§ **Input data**:
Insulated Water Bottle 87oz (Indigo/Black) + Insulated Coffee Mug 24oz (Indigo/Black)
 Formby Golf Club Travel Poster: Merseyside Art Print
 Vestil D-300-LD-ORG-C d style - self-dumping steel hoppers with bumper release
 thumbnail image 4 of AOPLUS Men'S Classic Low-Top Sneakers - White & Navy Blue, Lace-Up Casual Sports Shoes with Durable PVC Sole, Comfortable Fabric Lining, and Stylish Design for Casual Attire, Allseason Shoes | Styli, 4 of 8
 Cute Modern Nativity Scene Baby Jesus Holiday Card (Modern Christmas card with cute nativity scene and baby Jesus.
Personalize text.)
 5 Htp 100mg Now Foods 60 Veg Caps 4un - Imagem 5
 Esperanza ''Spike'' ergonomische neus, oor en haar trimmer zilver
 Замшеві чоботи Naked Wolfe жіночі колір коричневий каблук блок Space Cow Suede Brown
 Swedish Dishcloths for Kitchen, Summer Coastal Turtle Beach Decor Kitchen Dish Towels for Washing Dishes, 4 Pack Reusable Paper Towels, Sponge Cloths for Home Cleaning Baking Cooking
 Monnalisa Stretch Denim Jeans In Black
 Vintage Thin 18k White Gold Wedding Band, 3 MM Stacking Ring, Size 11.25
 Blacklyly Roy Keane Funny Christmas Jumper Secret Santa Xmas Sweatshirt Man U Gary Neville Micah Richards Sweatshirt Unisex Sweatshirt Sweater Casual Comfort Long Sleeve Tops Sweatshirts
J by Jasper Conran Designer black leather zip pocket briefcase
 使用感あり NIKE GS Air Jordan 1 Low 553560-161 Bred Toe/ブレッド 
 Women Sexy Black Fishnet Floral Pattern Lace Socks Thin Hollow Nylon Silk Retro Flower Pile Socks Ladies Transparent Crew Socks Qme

§ **Brief**: Looking at the data above, show all lines where the word "Thin" occurs.

§ **Solution below**:
 Vintage Thin 18k White Gold Wedding Band, 3 MM Stacking Ring, Size 11.25
 Women Sexy Black Fishnet Floral Pattern Lace Socks Thin Hollow Nylon Silk Retro Flower Pile Socks Ladies Transparent Crew Socks Qme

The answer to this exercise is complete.